We need to establish a connection between our central Django server and Deepgram to get the audio and real-time transcription. Add this code to our consumers.py file.

from typing import Dict

class TranscriptConsumer(AsyncWebsocketConsumer):
   dg_client = Deepgram(os.getenv('DEEPGRAM_API_KEY'))

   async def get_transcript(self, data: Dict) -> None:
       if 'channel' in data:
           transcript = data['channel']['alternatives'][0]['transcript']
      
           if transcript:
               await self.send(transcript)


   async def connect_to_deepgram(self):
       try:
           self.socket = await self.dg_client.transcription.live({'punctuate': True, 'interim_results': False})
           self.socket.registerHandler(self.socket.event.CLOSE, lambda c: print(f'Connection closed with code {c}.'))
           self.socket.registerHandler(self.socket.event.TRANSCRIPT_RECEIVED, self.get_transcript)

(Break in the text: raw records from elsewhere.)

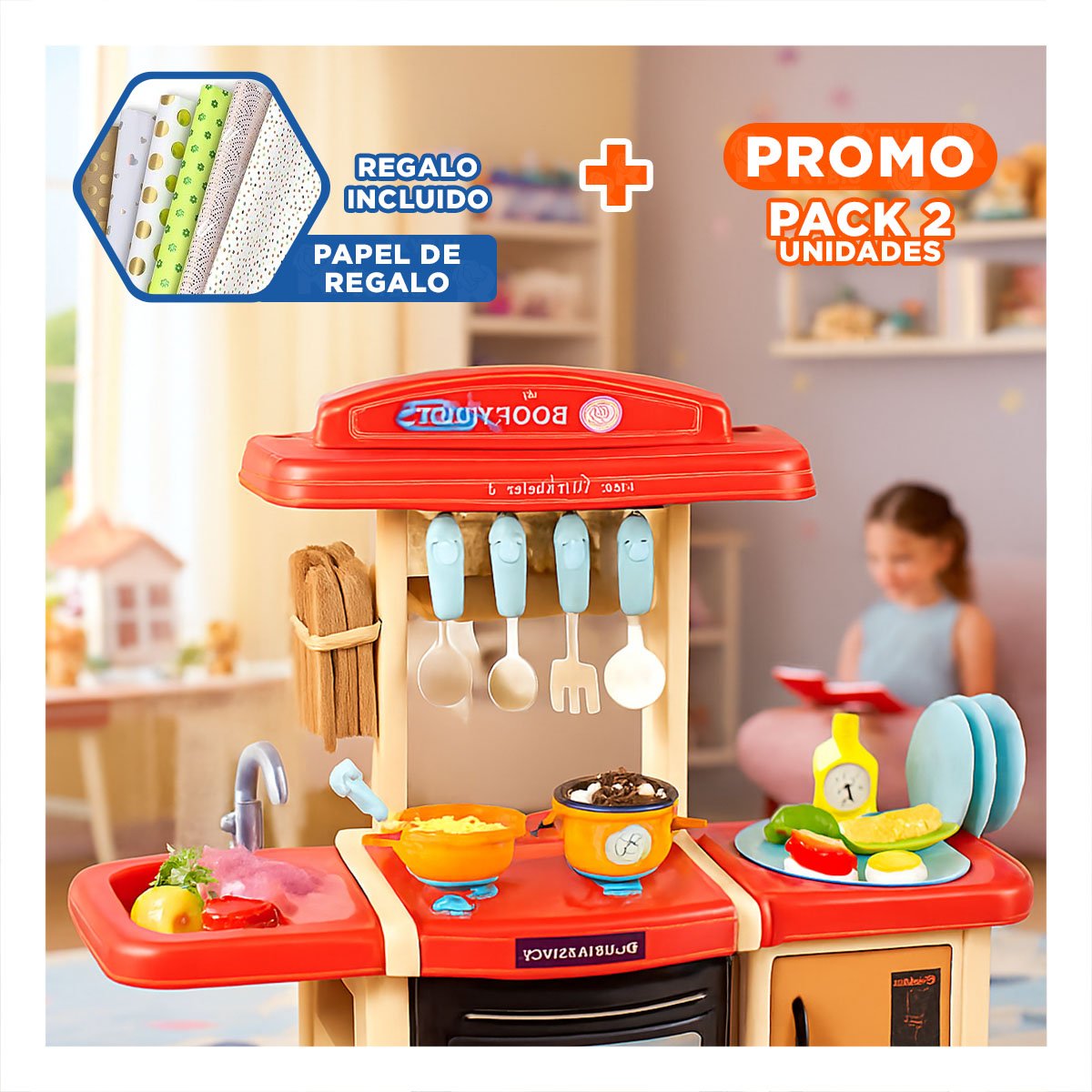 PACK2 CENTRO INFANTIL DE COCINA CON ACCESORIOS PARA DIVERSION Y+PAPEL REGALO - 1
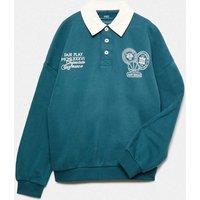M&S Cotton Rich Rugby Sweatshirt Teal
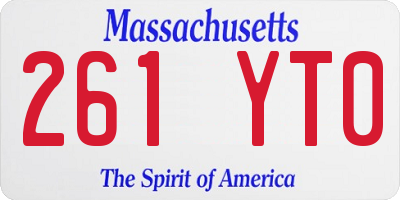 MA license plate 261YT0
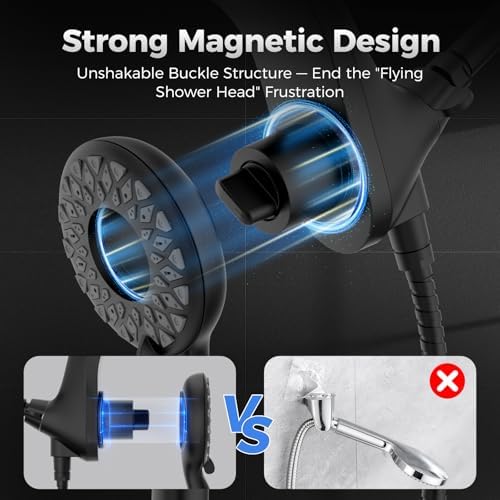 High Pressure Rain Shower Head with Handheld Spray Combo - Image 4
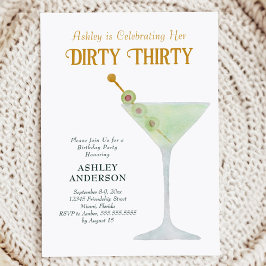 Invitación Sucio Martini 30 Fiesta de cumpleaños, sucia trein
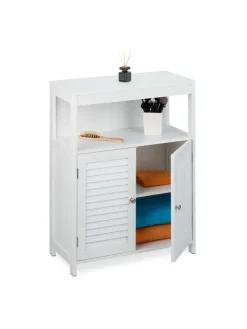 relaxdays Badmöbel<Badschrank in Weiß - (B)60 x (H)80 x (T)29 cm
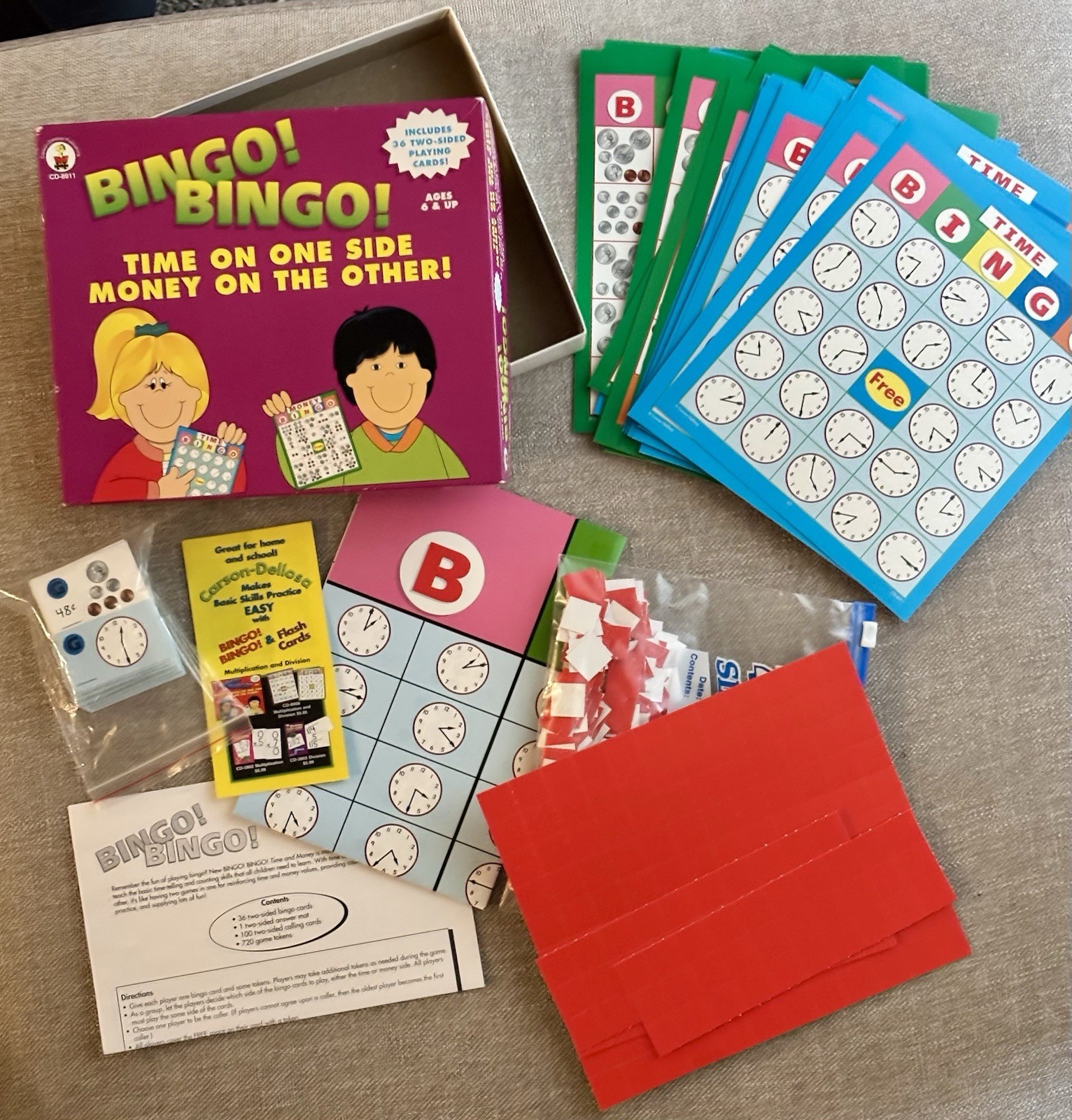VTG Carson Delosa Bingo Bingo Game!~ Telling Time One Side, Money Bingo On Back
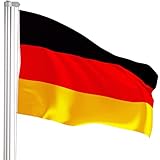 BRUBAKER Aluminium Fahnenmast inklusive Deutschlandflagge - Flaggenmast 4 m mit Erdhülse für Garten und Camping + Deutschland Flagge 150 x 90 cm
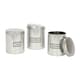 image 1 of Harbour Housewares 3pc Round Metal Tea Coffee Sugar Canister Set - Brushed - Kitchen Caddy Kitchen Storage Containers Canisters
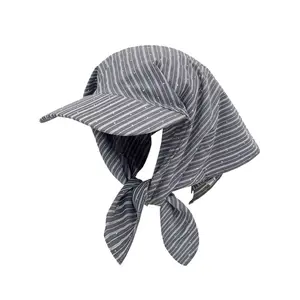 Unisex Retro Striped Turban Baseball Cap - Striped Hats, Hip Hop Bandana Headscarf, Summer Sun Protection Triangle Scarf Hat for Outdoor & Daily Wear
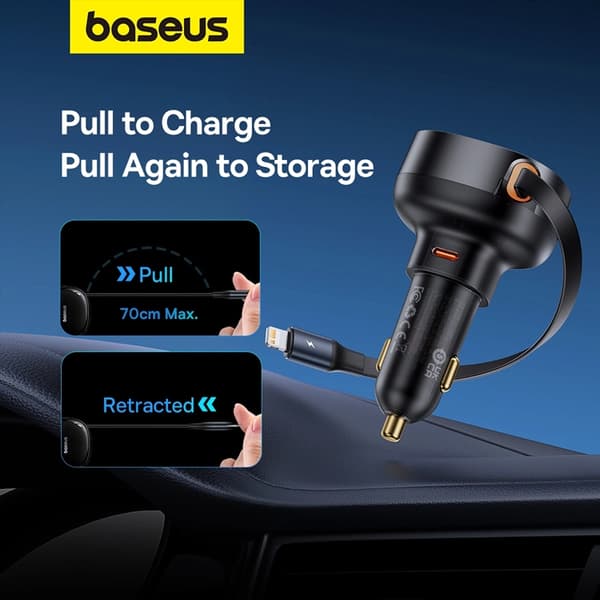 Baseus Billaddare 60W USB-C Till Lightning Enjoyment Pro - Svart Black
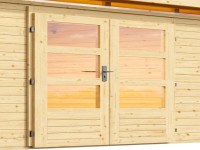 Vorschau: Gartenhaus SET Kandern 3 28 mm naturbelassen, inkl. 2,6 m Anbaudach + Rückwand Vorschau: Gartenhaus SET Kandern 3 28 mm naturbelassen, inkl. 2,6 m Anbaudach + Rückwand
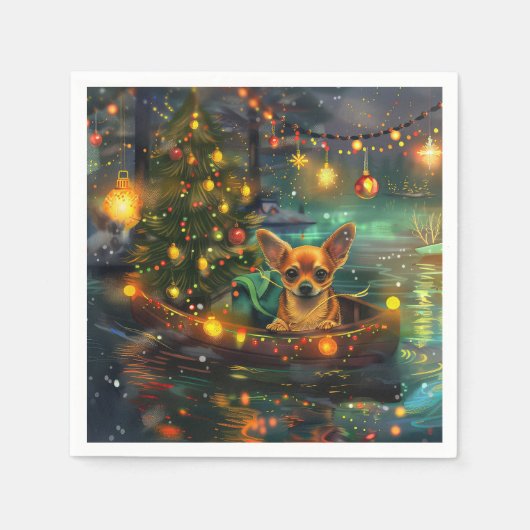 Serviette En Papier Chihuahua Noël Festive Voyage (Devant)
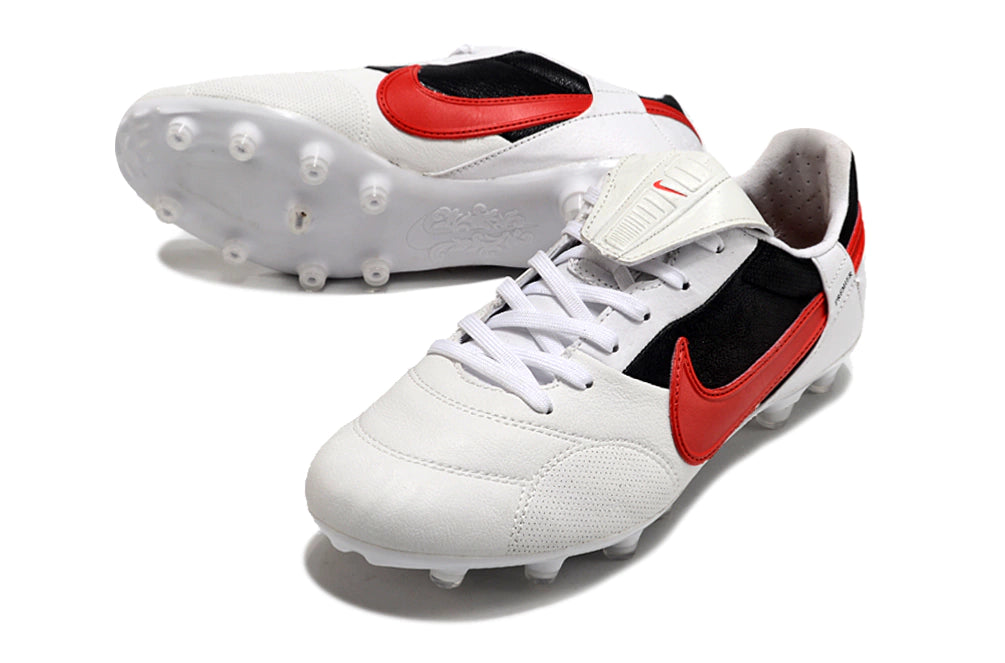 Chuteira Nike Premier 3 FG - Branco/Preto/Vermelho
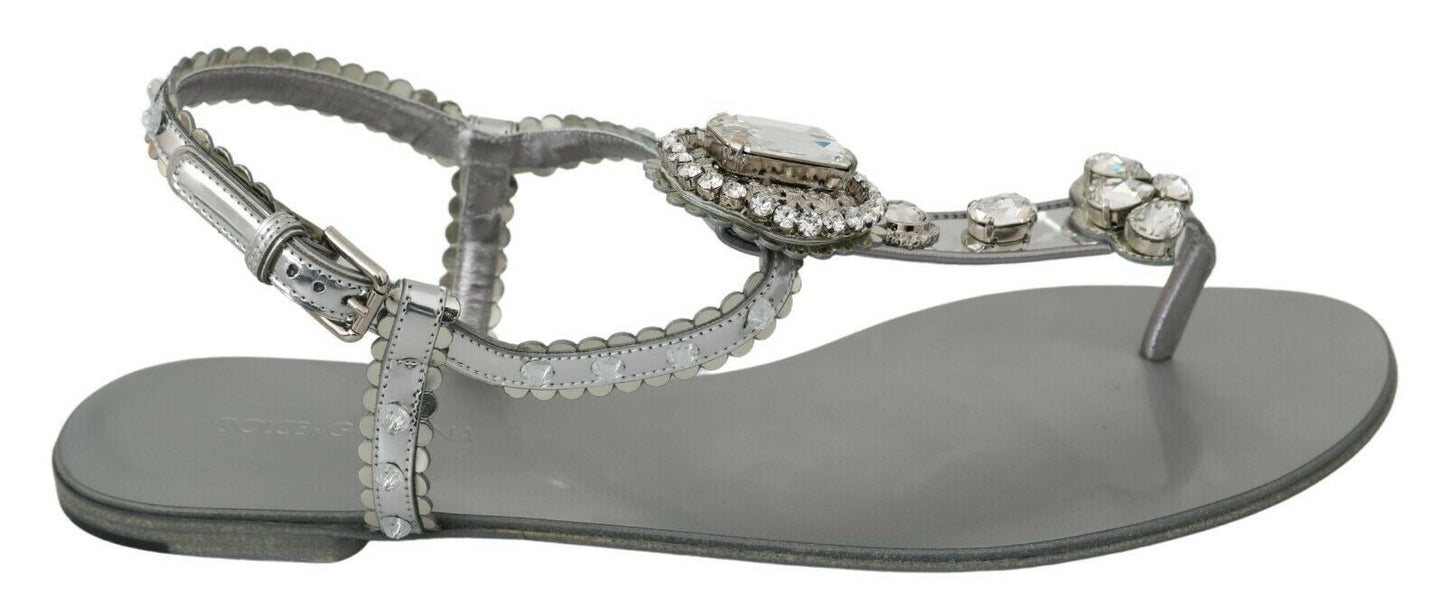 Dolce &amp; Gabbana Silber Kristall Sandalen Flip-Flops Schuhe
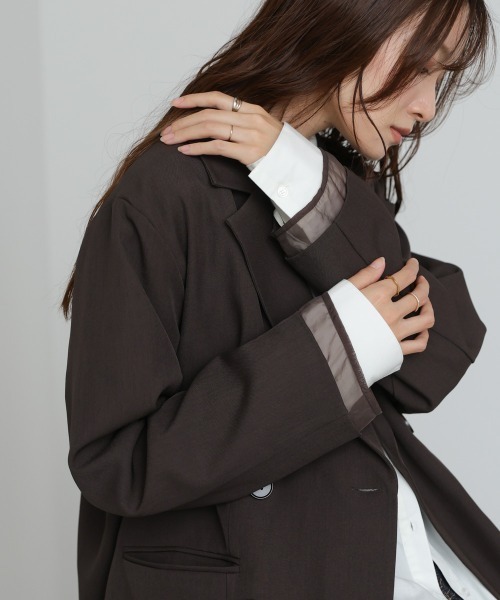 Bab（バブ）の「シアー切替ダブルテーラードジャケット（テーラードジャケット・レディース・チャコールグレー/ブラウン/ダークブラウン・M）」の16枚目の写真
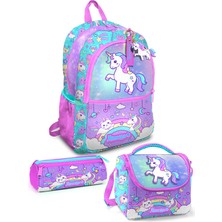 Minosso Unicorn Desenli Kız Çocuk İlkokul 3'lü Çanta Seti Polyester Su Geçirmez Çok Renkli Tasarım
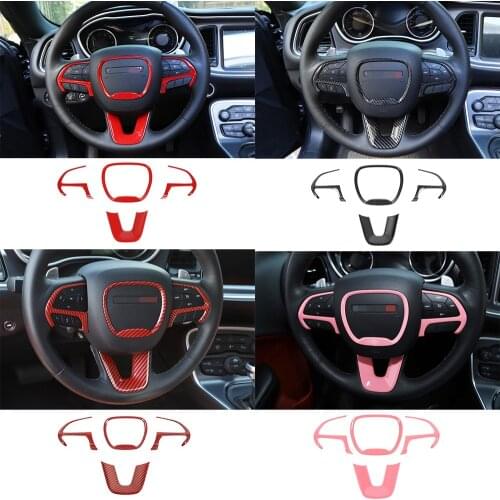 Fit for Dodge Challenger/Charger 2015+ Durango 2014+ ABS Interior Steering Wheel Button Cover Decorative Trim Car Accessories
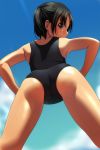  1girl absurdres ass bangs bare_arms bare_shoulders black_hair black_swimsuit blue_sky blush brown_eyes cloud day eyebrows_visible_through_hair from_behind from_below highres looking_at_viewer looking_back looking_down matsunaga_kouyou nose_blush one-piece_swimsuit original outdoors parted_bangs ponytail profile school_swimsuit sky solo swimsuit 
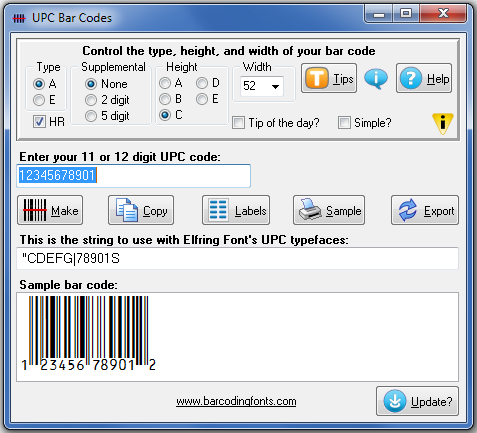 bar code image. Click to see the UPC Bar Code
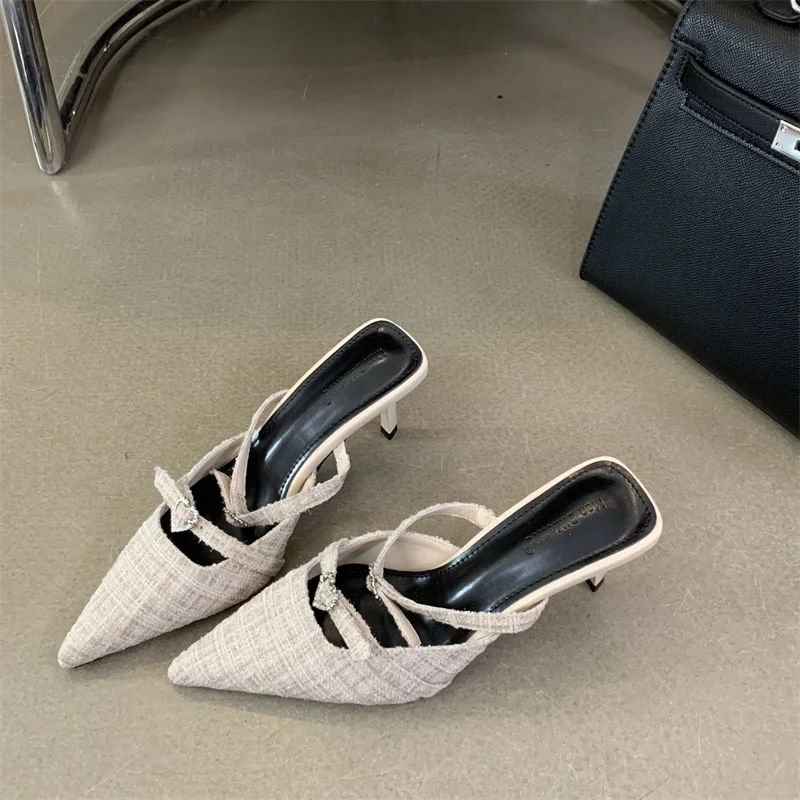 Black High Heels Sexy Pointed Toe Slingback Slippers Ladies Office Shoes Belt Buckle Low Heel Women Pumps Summer Stiletto
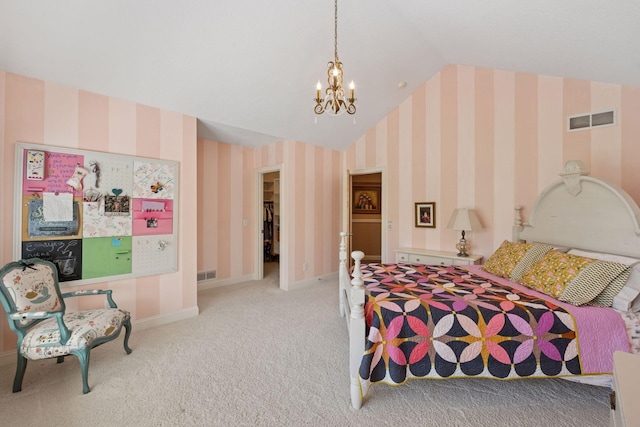 17244 Valley Rd, Eden Prairie, MN 55347 - bedroom with lofted ceiling, carpet floors, a chandelier, and wallpapered walls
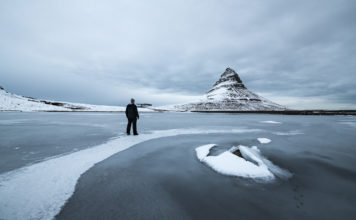 Kirkjufell on ice.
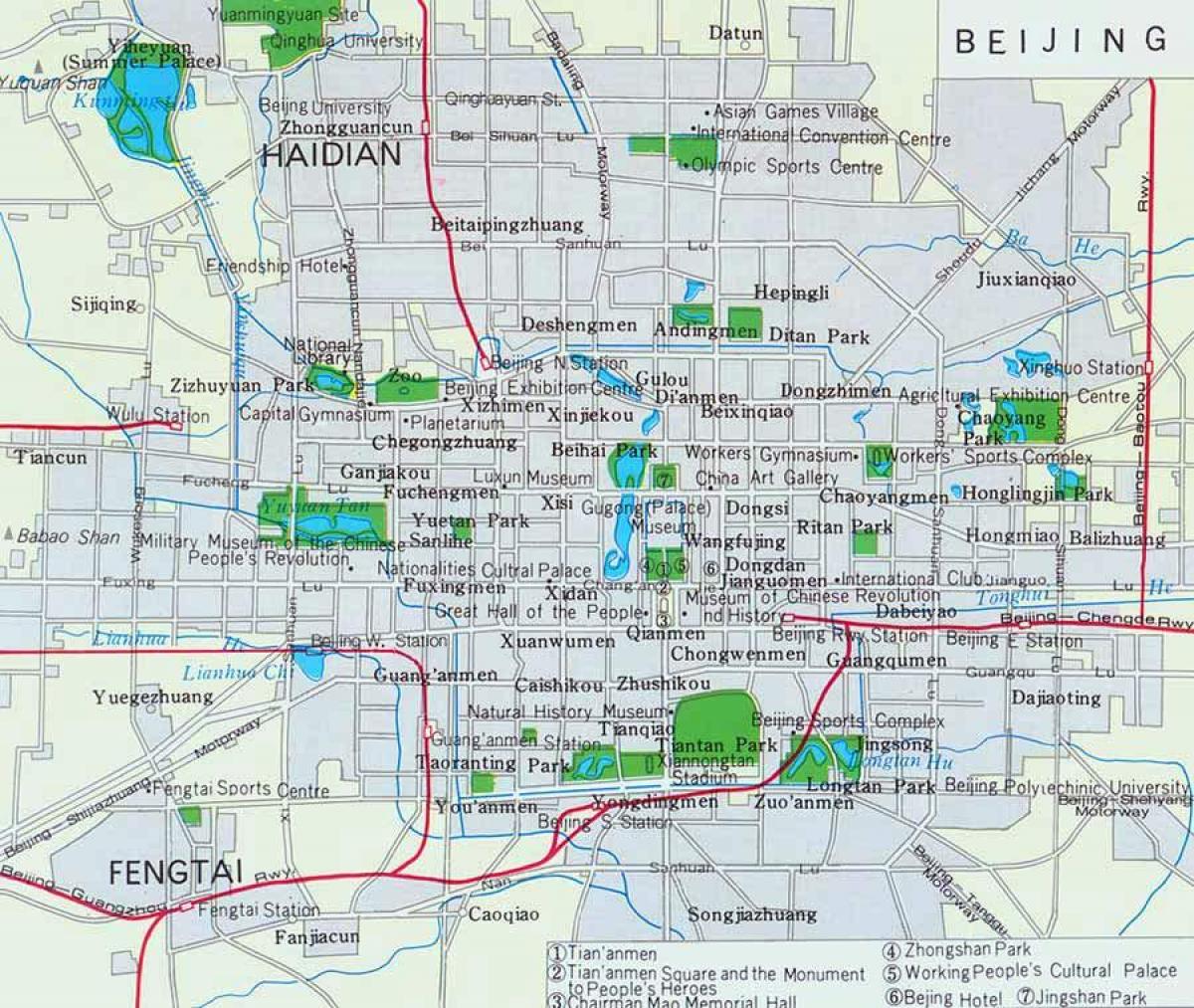 बीजिंग शहर के केंद्र के नक्शे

       except Exception as e:
           raise Exception(f'Could not open socket: {e}')

   async def connect(self):
       await self.connect_to_deepgram()
       await self.accept()
          

   async def disconnect(self, close_code):
       await self.channel_layer.group_discard(
           self.room_group_name,
           self.channel_name
       )

   async def receive(self, bytes_data):
       self.socket.send(bytes_data)

The connect_to_deepgram function connects us to Deepgram and creates a socket connection to deepgram, listens for the connection to close, and gets incoming transcription objects. The get_transcript method gets the transcript from Deepgram and sends it back to the client.

Lastly, in our index.html, we need to receive and obtain data with the below events. Notice they are getting logged to our console. If you want to know more about what these events do, check out this blog post.

<script>
  socket.onopen = () => {
    document.querySelector('#status').textContent = 'Connected'
    console.log({
        event: 'onopen'
    })
    mediaRecorder.addEventListener('dataavailable', async (event) => {
        if (event.data.size > 0 && socket.readyState == 1) {
            socket.send(event.data)
        }
    })
    mediaRecorder.start(250)
}

  socket.onmessage = (message) => {
      const received = message.data
      if (received) {
          console.log(received)
          document.querySelector('#transcript').textContent += ' ' + received
      }
  }

  socket.onclose = () => {
      console.log({
          event: 'onclose'
      })
  }

  socket.onerror = (error) => {
      console.log({
          event: 'onerror',
          error
      })
  }
</script>

Let’s start our application and start getting real-time transcriptions. From our terminal, run python3 manage.py runserver and pull up our localhost on port 8000, http://127.0.0.1:8000/. If we haven’t already, allow access to our microphone. Start speaking, and we should see a transcript like the one below:

Congratulations on building a real-time transcription project with Django and Deepgram. You can find the code here with instructions on how to run the project. If you have any questions, please feel free to reach out to us on Twitter at @DeepgramDevs.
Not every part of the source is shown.